Given records Start Marker

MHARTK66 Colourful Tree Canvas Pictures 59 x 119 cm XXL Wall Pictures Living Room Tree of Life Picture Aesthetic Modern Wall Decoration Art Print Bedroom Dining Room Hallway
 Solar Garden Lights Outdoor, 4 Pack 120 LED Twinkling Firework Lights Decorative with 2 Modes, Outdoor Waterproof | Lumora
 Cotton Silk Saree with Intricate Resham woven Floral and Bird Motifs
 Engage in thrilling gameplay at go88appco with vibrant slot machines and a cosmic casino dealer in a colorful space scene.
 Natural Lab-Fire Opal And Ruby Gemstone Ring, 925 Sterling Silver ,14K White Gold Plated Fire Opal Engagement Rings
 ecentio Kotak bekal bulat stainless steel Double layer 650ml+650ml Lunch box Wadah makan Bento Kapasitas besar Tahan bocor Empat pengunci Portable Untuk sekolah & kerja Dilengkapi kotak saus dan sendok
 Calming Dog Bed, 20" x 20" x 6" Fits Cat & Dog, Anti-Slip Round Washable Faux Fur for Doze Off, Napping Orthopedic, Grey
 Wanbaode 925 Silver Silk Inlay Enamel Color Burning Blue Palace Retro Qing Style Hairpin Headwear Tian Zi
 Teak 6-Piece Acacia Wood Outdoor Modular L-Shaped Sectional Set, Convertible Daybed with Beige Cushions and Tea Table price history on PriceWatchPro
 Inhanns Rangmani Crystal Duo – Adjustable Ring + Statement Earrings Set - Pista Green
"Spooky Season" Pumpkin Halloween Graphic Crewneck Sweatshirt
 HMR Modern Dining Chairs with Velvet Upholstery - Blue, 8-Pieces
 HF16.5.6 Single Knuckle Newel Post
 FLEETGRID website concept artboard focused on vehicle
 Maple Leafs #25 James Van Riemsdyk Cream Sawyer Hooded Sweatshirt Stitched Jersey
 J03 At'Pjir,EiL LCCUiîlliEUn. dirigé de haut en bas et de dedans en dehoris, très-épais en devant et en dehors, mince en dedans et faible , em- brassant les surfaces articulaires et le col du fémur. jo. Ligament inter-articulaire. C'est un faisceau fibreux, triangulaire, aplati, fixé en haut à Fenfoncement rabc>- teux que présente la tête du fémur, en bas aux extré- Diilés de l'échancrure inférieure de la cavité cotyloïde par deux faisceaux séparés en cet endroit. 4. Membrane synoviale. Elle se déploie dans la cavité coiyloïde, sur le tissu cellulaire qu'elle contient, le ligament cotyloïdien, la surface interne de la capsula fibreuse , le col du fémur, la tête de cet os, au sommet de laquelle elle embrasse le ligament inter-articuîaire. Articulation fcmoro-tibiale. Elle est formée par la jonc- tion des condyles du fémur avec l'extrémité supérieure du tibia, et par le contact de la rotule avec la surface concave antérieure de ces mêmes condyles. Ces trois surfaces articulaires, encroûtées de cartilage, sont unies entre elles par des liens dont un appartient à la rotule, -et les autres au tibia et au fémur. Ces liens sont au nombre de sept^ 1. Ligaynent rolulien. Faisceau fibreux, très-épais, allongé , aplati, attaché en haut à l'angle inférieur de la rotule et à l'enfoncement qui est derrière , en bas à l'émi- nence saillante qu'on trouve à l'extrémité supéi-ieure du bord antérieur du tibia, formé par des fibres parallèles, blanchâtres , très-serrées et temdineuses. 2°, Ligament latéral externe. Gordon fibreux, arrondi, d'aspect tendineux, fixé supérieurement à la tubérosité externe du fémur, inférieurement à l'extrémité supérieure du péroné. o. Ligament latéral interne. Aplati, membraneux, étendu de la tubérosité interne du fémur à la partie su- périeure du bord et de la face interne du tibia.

Given records End Marker

● **Instructions for the task**
With the line holding "ecentio Kotak bekal" as the first and the line holding "Maple Leafs #25" as the last, set down that range of the entries above exactly, and nothing else.

● **Final answer**
 ecentio Kotak bekal bulat stainless steel Double layer 650ml+650ml Lunch box Wadah makan Bento Kapasitas besar Tahan bocor Empat pengunci Portable Untuk sekolah & kerja Dilengkapi kotak saus dan sendok
 Calming Dog Bed, 20" x 20" x 6" Fits Cat & Dog, Anti-Slip Round Washable Faux Fur for Doze Off, Napping Orthopedic, Grey
 Wanbaode 925 Silver Silk Inlay Enamel Color Burning Blue Palace Retro Qing Style Hairpin Headwear Tian Zi
 Teak 6-Piece Acacia Wood Outdoor Modular L-Shaped Sectional Set, Convertible Daybed with Beige Cushions and Tea Table price history on PriceWatchPro
 Inhanns Rangmani Crystal Duo – Adjustable Ring + Statement Earrings Set - Pista Green
"Spooky Season" Pumpkin Halloween Graphic Crewneck Sweatshirt
 HMR Modern Dining Chairs with Velvet Upholstery - Blue, 8-Pieces
 HF16.5.6 Single Knuckle Newel Post
 FLEETGRID website concept artboard focused on vehicle
 Maple Leafs #25 James Van Riemsdyk Cream Sawyer Hooded Sweatshirt Stitched Jersey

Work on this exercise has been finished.